Key question: If a sensor produces a fixed dataset of 10 million observations from a one-time fragmentation event, is processing that dataset a stream or a batch problem?
Lesson 2 — The Dataflow Model
The streaming abstraction in production systems. Operators as functions over streams: map, filter, fold, merge, partition. Why dataflow composition beats imperative loops for pipeline code. The graph topology — sources at the edges, sinks at the other edges, operators in between. State, statelessness, and where state lives in a streaming pipeline.
Key question: Why does the dataflow model treat the pipeline as a graph that runs continuously rather than as a function that is called with a batch of inputs?
Lesson 3 — Push, Pull, and Poll Semantics
The three patterns by which data enters and traverses a pipeline. Push (the source initiates and forwards), pull (the consumer requests and receives), poll (the consumer requests on a schedule). Why Kafka consumers poll rather than subscribe to a callback. Where each pattern fits in the SDA fusion topology — radar arrays push, optical archives pull, ISL beacons poll. The hidden cost of polling and the hidden risk of pushing.
Key question: The optical telescope archive exposes only an HTTP REST endpoint with no notification mechanism. How should the ingestion service interact with it, and what are the operational consequences?
Capstone Project — SDA Sensor Ingestion Service
Build the front door of the SDA Fusion Service. Three async source tasks (radar, optical, ISL) consume from their respective wire formats, normalize observations into a common Observation envelope, and forward them to a shared sink. The sink writes a structured event log that downstream stages will consume. Acceptance criteria, suggested architecture, and the full project brief are in project-sensor-ingestion.md.
This is the module where the SDA Fusion Service begins to exist. Every subsequent module's project extends what you build here.
File Index
module-01-stream-processing-foundations/
├── README.md ← this file
├── lesson-01-streams-sources-sinks.md ← Streams, sources, sinks
├── lesson-01-quiz.toml ← Quiz (5 questions)
├── lesson-02-dataflow-model.md ← The dataflow model
├── lesson-02-quiz.toml ← Quiz (5 questions)
├── lesson-03-push-pull-poll.md ← Push, pull, and poll semantics
├── lesson-03-quiz.toml ← Quiz (5 questions)

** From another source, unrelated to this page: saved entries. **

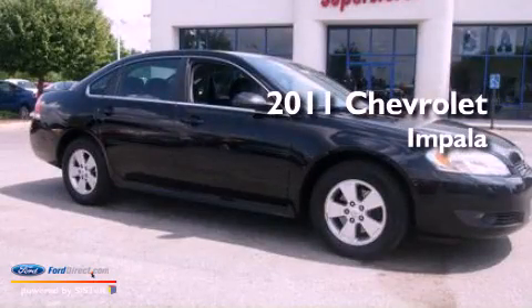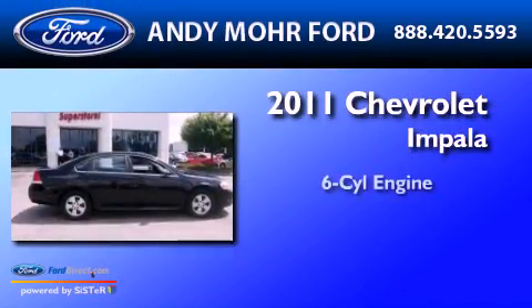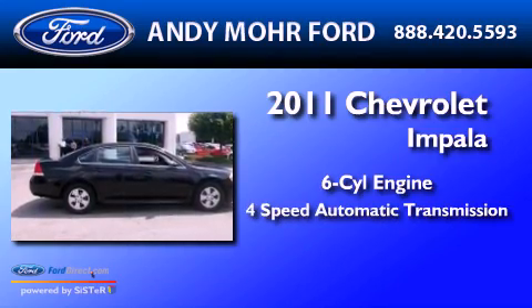This is a 2011 Chevrolet Impala. It features a six-cylinder engine and a four-speed automatic transmission.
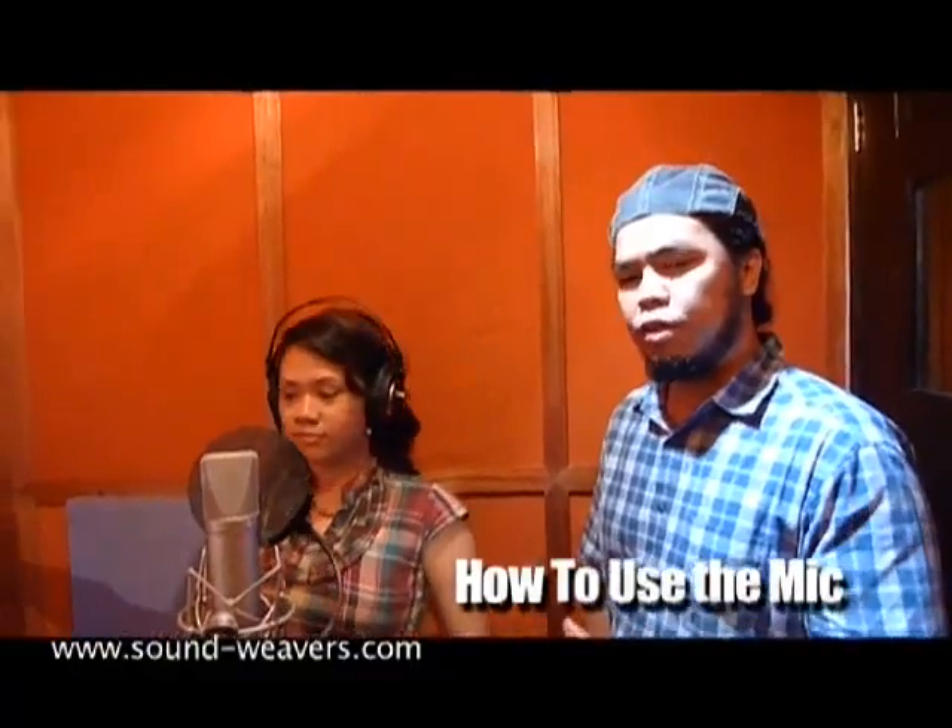For those who would like to sing in the recording studio, here are some tips that you can use as a guide on how to position yourself to the mic and how to sing to the microphone.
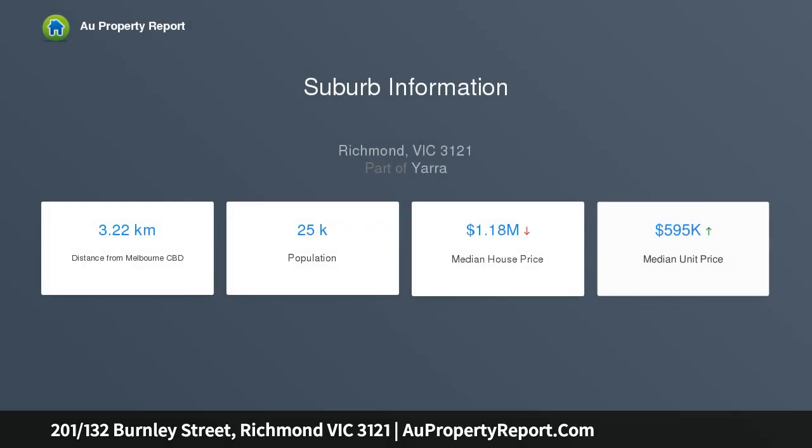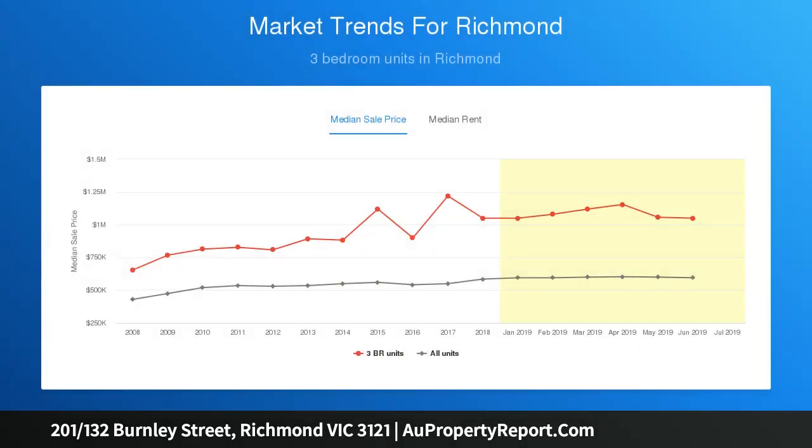Two bedrooms, both with mirrored built-in robes, open plan living and dining area with heating and cooling, sleek and contemporary kitchen, Smeg gas stove top, dishwasher and oven, sophisticated bathroom with rainfall shower head, European laundry.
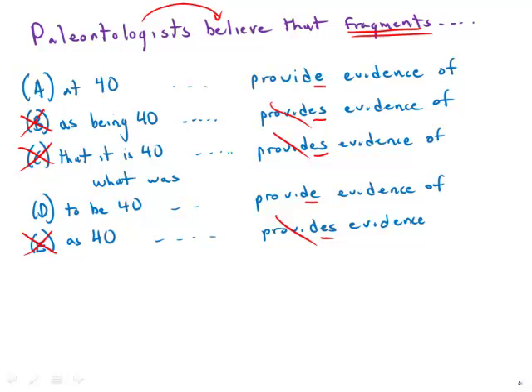And incidentally, answer choice C looks like someone who's trying to win a contest for making it as long, awkward, and wordy as possible. So C is definitely out.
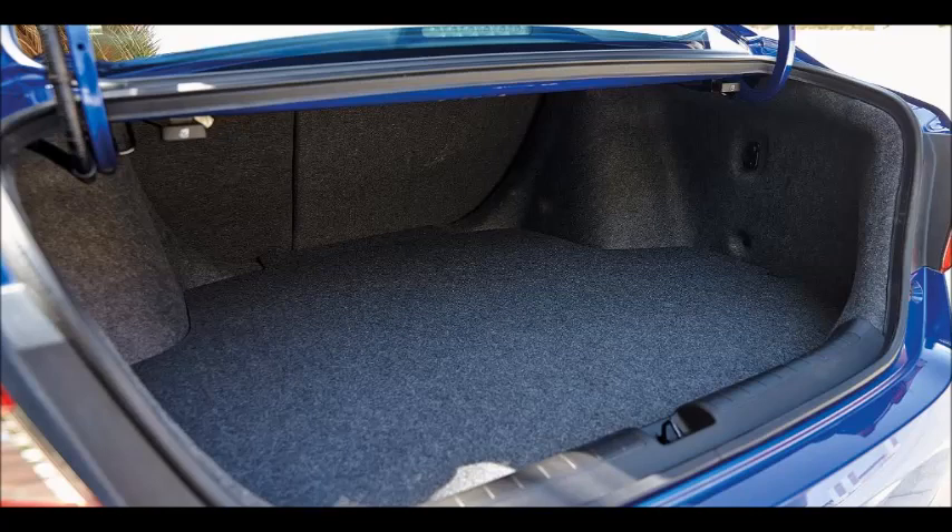It's also larger now, thanks to a wider body and longer wheelbase, which has contributed to an extra 48mm of rear legroom and 25 litres of additional boot space.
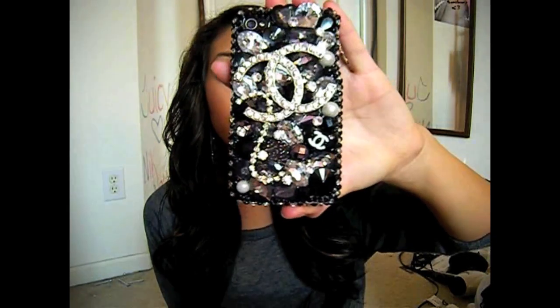Lux Addiction had Juicy Couture and you know stuff like that. I just love Chanel. It will match my purses and I just love it. Each of these are put on individually — they're made from Swarovski crystal.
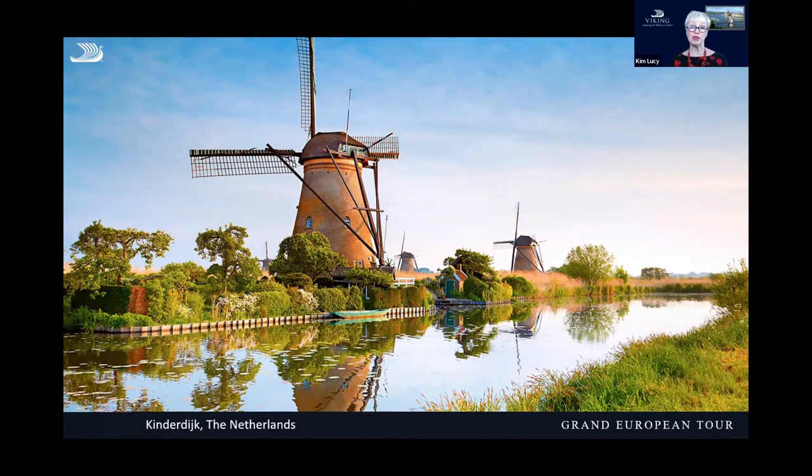Once we leave Amsterdam, we visit Kinderdijk, another great port in Holland. It's a World UNESCO Heritage Site with 19 heritage windmills. You can take an optional bike trip or join our included tour, which walks you along the towpaths and gives you an opportunity to peek inside these wonderful windmills.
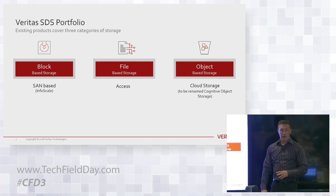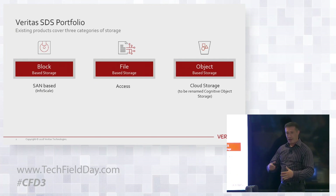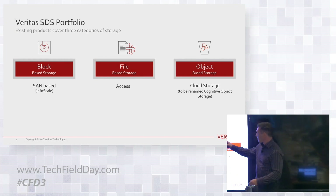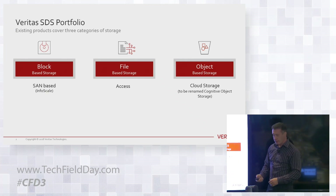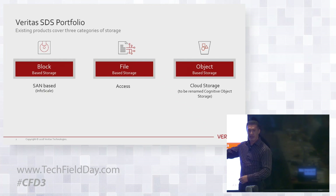Object came out around November, December of last year. We're still trying to get our hands around where to position this one versus the file product. Object is obviously around massive scale, but the file product has a very clear use case, and I'll walk you through it.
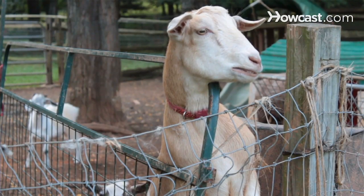Hello, my name is Jill Phillips and I'm a co-owner of Squeals on Wheels, a traveling petting zoo and pony rides.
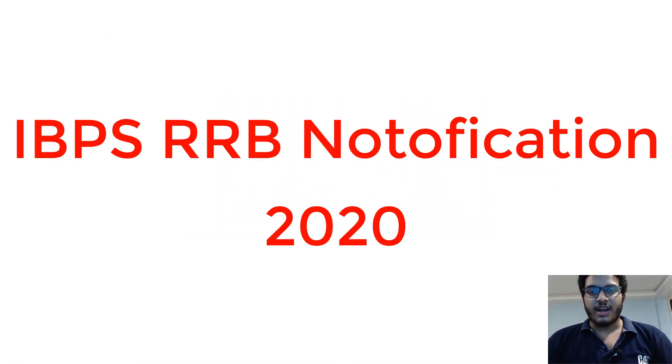Hello friends, welcome to our channel Freshers Now, India's number one employment portal. This is Srikant Poch Raju and today in this video, let us understand the details of IBPS RRB notification 2020.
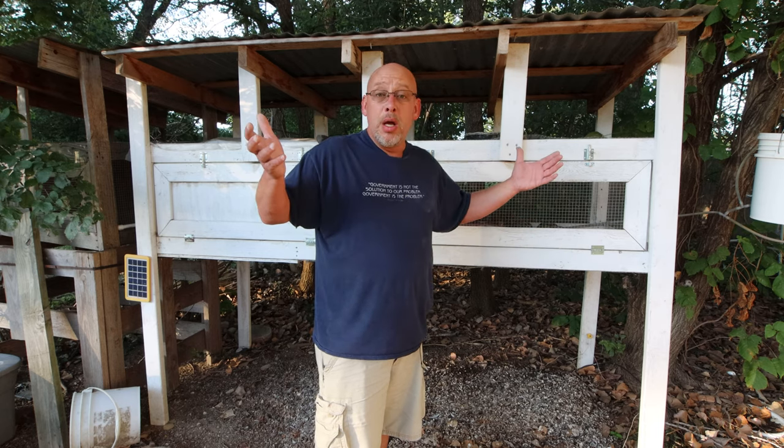Hopefully this clears up questions about keeping your birds outside in wintertime. They're incredibly hardy birds and will do just fine as long as they have a windbreak and some way to get out of the weather. Thank you so much for watching today — hopefully you enjoyed the video, and as always, God bless.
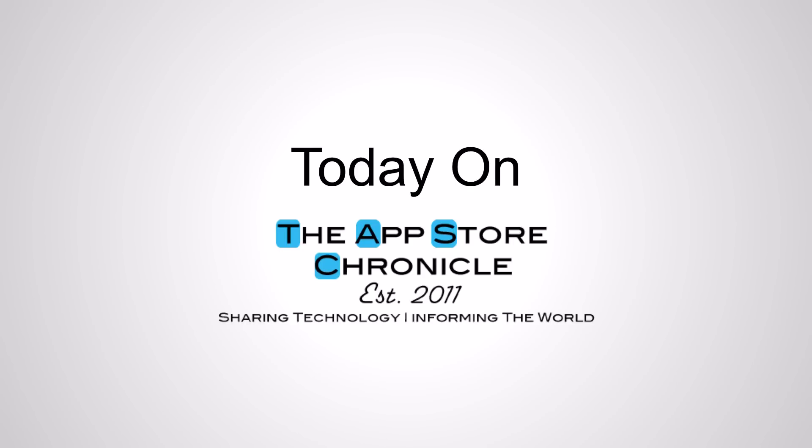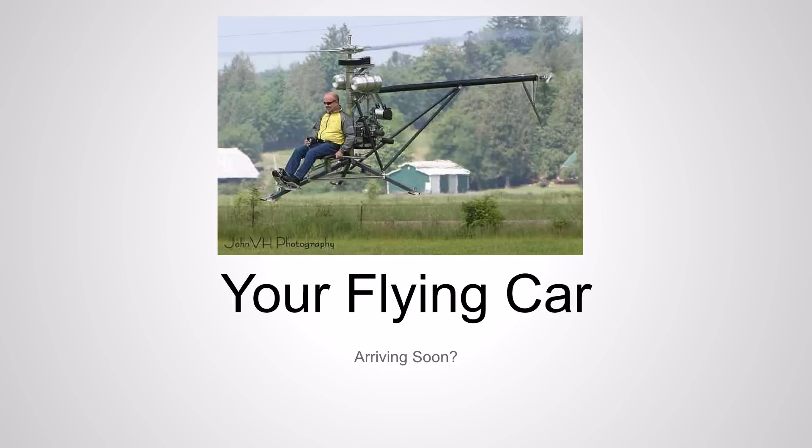Today on the App Store Chronicle, we'll discuss the flying car — the dream that never seems to die.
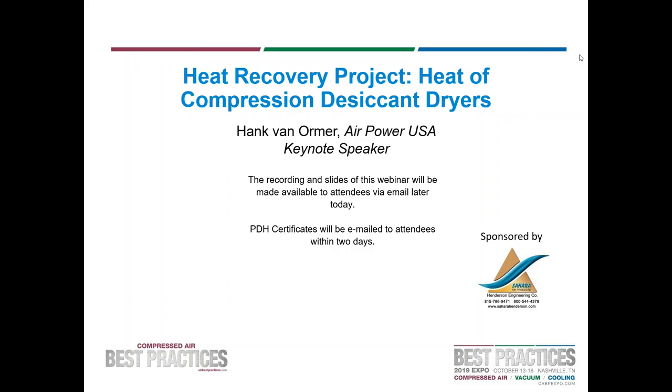All attendees are in listen-only mode. Hello everybody. Thank you for attending today's webinar on Heat Recovery Project: Heat of Compression Desiccant Dryers. This webinar is brought to you by Compressed Air Best Practices Magazine, sponsored by Henderson Engineering Company. Our keynote speaker is Hank Van Ormer from AirPowerUSA, and our sponsor speaker is Chuck Henderson from Henderson Engineering Company. My name is Claire Heinel, and I am the Circulation and Events Manager for Compressed Air Best Practices Magazine.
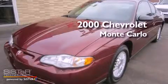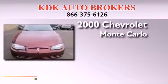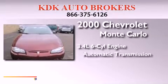This is a 2000 Chevrolet Monte Carlo. It has a 3.4-liter six-cylinder engine and an automatic transmission.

└── project-sensor-ingestion.md ← Capstone project brief
Prerequisites
- Foundation Track completed (all 6 modules) — async Rust, channels, network programming, and data layout are assumed
- Familiarity with
tokio,tokio::sync::mpsc,serde, andanyhow::Result - Working understanding of TCP, UDP, and HTTP — the three transport types you'll deal with in the project
What Comes Next
Module 2 (Pipeline Orchestration Internals) takes the source-to-sink primitives you build here and composes them into a multi-stage DAG with a real task scheduler. The Observation envelope you define in this module is the data structure that flows through every subsequent stage of the pipeline.